This repo houses a script used to turn any Paperspace Ubuntu 20.04 based Linux instance into a fully functional machine learning environment for interactive development. Users are free to modify and run against their own Paperspace instance, be it Linux headless or Linux desktop. The only requirement is a working Nvidia GPU driver pre-installed. A pre-built template exists in the Paperspace eco-system as a Public Template based on a base Ubuntu 20.04 image.
We assume a generic advanced data science user who probably wants GPU access, but not any particular specialized subfield of data science such as computer vision or natural language processing. Such users can build upon this base to create their own stack, or we can create other VMs for subfields, similar to what can be done with Gradient containers.
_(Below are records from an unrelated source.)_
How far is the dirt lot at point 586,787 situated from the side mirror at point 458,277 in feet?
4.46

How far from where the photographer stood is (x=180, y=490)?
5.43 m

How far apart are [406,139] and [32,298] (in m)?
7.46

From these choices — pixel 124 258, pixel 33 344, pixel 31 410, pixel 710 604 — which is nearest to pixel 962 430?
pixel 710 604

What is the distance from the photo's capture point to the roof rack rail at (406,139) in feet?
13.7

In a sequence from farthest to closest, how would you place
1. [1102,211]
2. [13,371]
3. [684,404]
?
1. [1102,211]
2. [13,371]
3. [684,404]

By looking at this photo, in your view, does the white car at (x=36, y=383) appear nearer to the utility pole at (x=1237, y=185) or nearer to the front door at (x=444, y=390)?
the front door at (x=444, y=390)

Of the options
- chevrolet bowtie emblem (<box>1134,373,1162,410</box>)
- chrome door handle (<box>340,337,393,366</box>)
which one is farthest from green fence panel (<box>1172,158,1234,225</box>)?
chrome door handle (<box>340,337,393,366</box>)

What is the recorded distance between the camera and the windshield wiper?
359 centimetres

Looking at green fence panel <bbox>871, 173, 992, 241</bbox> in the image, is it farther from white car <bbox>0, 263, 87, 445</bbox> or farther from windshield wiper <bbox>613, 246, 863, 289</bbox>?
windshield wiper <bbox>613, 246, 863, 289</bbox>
Category | Software | Version | Install Method | Why / Notes |
---|---|---|---|---|
GPU | NVidia Driver | 470.63.01 | pre-installed | Enable Nvidia GPUs. Latest version as of VM creation date |
CUDA | 11.4 | pre-installed | Nvidia A100 GPUs require CUDA 11+ to work, so 10.x is not suitable | |
cuDNN | 8.2.4.15-1+cuda11.4 | Ubuntu repo | Nvidia GPU deep learning library | |
CUDA toolkit | 10.1.243-3 | apt-get | Needed for nvcc command for cuDNN |
|
Infra | Docker Engine CE | 20.10.8, build 3967b7d | Ubuntu repo | Docker Enginer community edition |
NVidia Docker | 2.6.0-1 | Ubuntu repo | Enable NVidia GPU in Docker containers | |
Python | Python | 3.8.10 | Done in above | Most widely used programming language for data science. Version 3.8.10 is already installed by one of the above steps, and is compatible with other software and their versions installed here. |
pip3 | 20.0.2-5ubuntu1.6 | apt-get | Enable easy installation of 1000s of other data science, etc., packages. Is a version 21.2 but apt-get install for Python 3.8 gives 20.0.2, which is OK. | |
NumPy | 1.21.2 | pip3 | Handle arrays, matrices, etc., in Python | |
Pandas | 1.3.3 | pip3 | De facto standard for data science data exploration/preparation in Python | |
Matplotlib | 3.4.3 | pip3 | Widely used plotting library in Python for data science, e.g., scikit-learn plotting requires it | |
JupyterLab | 3.1.12 | pip3 | De facto standard for data science using Jupyter notebooks | |
Machine learning | H2O-3 | 3.34 | pip3 | Enables in one place a wide range of ML algorithms outside deep learning at considerably higher performance than scikit-learn: gradient boosted trees, random forest, support vector machine, k-means clustering, generalized linear model (includes logistic regression), isolation forest, etc. Plus auto-ml, model ensembling, and other features. |
Scikit-learn | 0.24.2 | pip3 | Widely used ML library for data science, generally for smaller data or models | |
TensorFlow | 2.5.0 | pip3 | Most widely used deep learning library, alongside PyTorch. Note 2.5.0 as 2.6 unclear if works with CUDA 11.4, NVidia, etc. | |
NVidia RAPIDS | 21.08 | conda | GPU acceleration for common ML algorithms | |
(PyTorch) | (1.9.0) | source | Not installed because doesn't support CUDA 11.4 yet. Most widely used deep learning library, alongside TensorFlow |
Information about license types:
Apache 2.0: https://opensource.org/licenses/Apache-2.0
MIT: https://opensource.org/licenses/MIT
New BSD: https://opensource.org/licenses/BSD-3-Clause
PSF = Python Software Foundation: https://en.wikipedia.org/wiki/Python_Software_Foundation_License
Open source software can be used for commercial purposes: https://opensource.org/docs/osd#fields-of-endeavor .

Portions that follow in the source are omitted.